“生活总是陷入这样的悖论:如果你要获得安定,就会丧失自由;要自由,你就必须承担对应的风险。但是,人们理应小心翼翼地在这个悖论中寻找平衡,否则它给整个社会所带来痛苦将会过于剧烈,这种剧烈将可能最先摧毁社会中最美好的东西——美好的总是脆弱的。”- 摘抄
小的时候,眼界里需要住房的人显然没现在多,楼只盖到6层,楼和楼之间种了各种各样的果树:有海棠、樱桃、桃树、梨树、山楂树和樱桃树,而槐树、杨树、松树、大气的梧桐就不用提了。其中,仅松树的品种就有马尾松、树形挺拔高大的雪松。院里的花匠把松树修剪成一人高的树型,在所有马路的两旁排开,并且修建了一个今天开起来并不复杂的小迷宫。春雨过后,拿着小篮子去树下采蘑菇,就成了我们几个小玩伴必做的事情。
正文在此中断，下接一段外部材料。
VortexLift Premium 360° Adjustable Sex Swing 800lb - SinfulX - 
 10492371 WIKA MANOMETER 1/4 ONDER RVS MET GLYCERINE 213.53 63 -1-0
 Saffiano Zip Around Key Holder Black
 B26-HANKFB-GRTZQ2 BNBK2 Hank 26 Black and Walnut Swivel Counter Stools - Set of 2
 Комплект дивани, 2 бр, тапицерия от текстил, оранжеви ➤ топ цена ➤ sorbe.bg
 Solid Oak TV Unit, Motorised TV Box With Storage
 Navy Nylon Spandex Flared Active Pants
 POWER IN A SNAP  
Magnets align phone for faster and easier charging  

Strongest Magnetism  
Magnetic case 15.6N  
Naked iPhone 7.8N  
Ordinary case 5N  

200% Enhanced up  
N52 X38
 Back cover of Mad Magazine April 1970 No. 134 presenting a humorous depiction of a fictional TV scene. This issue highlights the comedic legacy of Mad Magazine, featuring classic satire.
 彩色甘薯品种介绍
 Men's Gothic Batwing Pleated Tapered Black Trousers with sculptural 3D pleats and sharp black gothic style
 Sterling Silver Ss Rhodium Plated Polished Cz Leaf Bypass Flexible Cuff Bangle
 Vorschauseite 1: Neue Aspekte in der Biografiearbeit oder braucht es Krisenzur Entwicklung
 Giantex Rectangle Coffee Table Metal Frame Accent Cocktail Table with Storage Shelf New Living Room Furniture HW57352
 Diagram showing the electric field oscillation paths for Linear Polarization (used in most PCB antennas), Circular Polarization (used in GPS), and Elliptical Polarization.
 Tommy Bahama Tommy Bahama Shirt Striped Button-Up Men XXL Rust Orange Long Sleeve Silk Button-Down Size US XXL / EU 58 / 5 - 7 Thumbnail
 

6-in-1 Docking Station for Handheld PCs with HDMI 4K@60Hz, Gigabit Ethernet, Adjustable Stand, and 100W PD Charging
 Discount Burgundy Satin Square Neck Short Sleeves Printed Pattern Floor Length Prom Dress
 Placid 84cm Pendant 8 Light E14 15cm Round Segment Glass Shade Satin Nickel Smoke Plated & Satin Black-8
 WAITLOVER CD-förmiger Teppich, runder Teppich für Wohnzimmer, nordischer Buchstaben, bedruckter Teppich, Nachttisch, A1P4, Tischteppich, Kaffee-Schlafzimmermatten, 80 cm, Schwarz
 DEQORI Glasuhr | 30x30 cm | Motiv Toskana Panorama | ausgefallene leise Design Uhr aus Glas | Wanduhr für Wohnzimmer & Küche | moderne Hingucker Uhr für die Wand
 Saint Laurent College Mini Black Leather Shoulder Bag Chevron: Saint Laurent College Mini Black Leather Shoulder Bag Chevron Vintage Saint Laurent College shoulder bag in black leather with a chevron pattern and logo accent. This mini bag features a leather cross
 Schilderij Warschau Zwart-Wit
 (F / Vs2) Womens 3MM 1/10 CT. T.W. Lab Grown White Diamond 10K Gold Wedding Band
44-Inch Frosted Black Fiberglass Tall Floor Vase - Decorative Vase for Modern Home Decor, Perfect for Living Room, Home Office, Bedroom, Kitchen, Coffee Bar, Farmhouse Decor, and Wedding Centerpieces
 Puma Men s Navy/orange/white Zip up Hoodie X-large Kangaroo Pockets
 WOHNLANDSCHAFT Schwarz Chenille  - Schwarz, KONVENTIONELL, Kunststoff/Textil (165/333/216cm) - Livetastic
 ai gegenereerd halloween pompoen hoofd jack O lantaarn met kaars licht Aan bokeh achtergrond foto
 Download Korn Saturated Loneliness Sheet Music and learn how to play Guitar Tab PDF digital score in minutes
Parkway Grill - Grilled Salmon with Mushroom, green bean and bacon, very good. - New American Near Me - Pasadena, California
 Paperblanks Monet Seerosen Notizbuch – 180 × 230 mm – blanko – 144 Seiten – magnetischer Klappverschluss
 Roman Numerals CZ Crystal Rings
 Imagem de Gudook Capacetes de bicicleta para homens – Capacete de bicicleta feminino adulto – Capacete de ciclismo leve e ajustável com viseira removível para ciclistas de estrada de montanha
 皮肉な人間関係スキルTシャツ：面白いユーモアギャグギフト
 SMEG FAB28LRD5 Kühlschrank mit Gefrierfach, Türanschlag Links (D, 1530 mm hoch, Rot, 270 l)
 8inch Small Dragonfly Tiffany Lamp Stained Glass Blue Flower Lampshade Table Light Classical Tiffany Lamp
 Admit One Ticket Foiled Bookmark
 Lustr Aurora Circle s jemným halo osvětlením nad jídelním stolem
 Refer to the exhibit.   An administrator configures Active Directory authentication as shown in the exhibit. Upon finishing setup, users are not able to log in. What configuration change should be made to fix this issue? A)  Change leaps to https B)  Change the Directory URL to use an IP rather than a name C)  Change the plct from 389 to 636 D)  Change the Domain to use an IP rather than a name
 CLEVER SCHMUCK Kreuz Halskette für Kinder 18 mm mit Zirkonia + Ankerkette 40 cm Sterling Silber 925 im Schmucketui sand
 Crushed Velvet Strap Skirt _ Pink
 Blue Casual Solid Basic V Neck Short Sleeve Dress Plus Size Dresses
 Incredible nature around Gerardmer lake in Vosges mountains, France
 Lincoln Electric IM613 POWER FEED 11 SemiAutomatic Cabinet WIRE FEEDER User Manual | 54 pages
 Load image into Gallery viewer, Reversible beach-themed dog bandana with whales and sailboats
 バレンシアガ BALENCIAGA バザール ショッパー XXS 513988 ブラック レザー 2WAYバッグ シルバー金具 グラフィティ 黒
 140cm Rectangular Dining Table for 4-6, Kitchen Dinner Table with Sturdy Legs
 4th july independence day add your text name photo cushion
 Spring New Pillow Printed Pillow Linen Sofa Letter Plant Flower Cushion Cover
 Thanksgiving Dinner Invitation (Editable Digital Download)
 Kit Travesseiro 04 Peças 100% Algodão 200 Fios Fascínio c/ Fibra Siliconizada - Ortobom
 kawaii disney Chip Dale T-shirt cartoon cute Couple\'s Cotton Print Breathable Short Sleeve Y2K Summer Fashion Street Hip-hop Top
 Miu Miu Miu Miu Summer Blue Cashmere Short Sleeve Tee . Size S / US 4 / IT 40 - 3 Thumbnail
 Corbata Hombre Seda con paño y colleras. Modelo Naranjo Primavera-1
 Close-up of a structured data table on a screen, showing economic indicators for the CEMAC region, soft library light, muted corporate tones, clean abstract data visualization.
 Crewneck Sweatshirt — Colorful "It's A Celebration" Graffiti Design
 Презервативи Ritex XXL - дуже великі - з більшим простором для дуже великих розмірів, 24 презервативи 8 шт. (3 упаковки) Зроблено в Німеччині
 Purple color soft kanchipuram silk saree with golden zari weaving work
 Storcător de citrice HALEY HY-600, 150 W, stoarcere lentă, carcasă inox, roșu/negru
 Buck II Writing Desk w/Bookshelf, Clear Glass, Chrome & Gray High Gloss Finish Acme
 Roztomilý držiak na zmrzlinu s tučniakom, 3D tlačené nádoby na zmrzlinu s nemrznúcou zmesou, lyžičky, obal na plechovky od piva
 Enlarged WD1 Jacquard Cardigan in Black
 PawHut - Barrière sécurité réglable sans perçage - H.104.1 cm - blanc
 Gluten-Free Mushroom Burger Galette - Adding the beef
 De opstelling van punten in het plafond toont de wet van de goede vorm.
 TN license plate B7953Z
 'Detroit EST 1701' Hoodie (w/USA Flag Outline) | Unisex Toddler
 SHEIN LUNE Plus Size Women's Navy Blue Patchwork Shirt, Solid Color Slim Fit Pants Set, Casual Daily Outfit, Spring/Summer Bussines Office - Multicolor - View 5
春夏秋,我们都会沦番着去翻弄这些果树,看他们从开花到结果的过程。桃花开得早,而且是先开花后长出叶子,枝头的是一簇一簇的,远看近观都惹人爱。我通常都忍不住折一整枝,放在吃完酱豆腐的瓶子里(大大的方圆形的),还不忘用纸叠的手夹,捉几只蜂儿关进去,盖上盖子,然后盯着看:蜂儿好像盲了似的,转身就撞在瓶壁上,扇动着翅膀显露出不明状况和焦躁,终于觉得没有看穿梭在桃花树丛中的蜂儿、蝶儿那样自在壮观,都会打开瓶盖放蜂儿出来的。
最难寻觅的果子是樱桃,尤其是红红欲滴的熟樱桃,大概早被比我们大的孩子们摘吃了,沦到我们翻找的时候,只会在深处才找得到,胳膊上自然带着被划破的伤痕。我最不喜欢看的是核桃树,因为上面常常有洋辣子,被蛰了红红的,特别疼。
我家住一楼,后门出来,种着一排高高的槐树,我们常常绑了皮筋儿跳。后门外面还有一块儿空地,就在我家的窗台外。爸爸给我们铲出了一片四方的地,四角种的是蓖麻,那时有一篇课文是讲怎样种蓖麻的,我觉得好玩儿,就按着课文里讲的(大概还找了些科普读物作参考)种,第一批20颗种子是向院里的战士要的。在清明节之前,把种子泡在碗里,一夜过后,可以看见蓖麻种子的头上,暴出白白的膨胀,选饱满的用。挖的坑也不能太深,一个坑里要种2到3颗的种子(这样等出苗以后,可以间苗,留最壮的那颗),盖上土,用手撩点水,种植那天的工作就完成了。夏天的蓖麻长成一人高了,常常是跳皮筋累了,坐在它的旁边歇脚纳凉。蓖麻开花结子大丰收,我一点也不会为第二年的种子发愁了,还没忘告诉给我蓖麻子的叔叔这个好消息,他那时却忙着办转业的手续。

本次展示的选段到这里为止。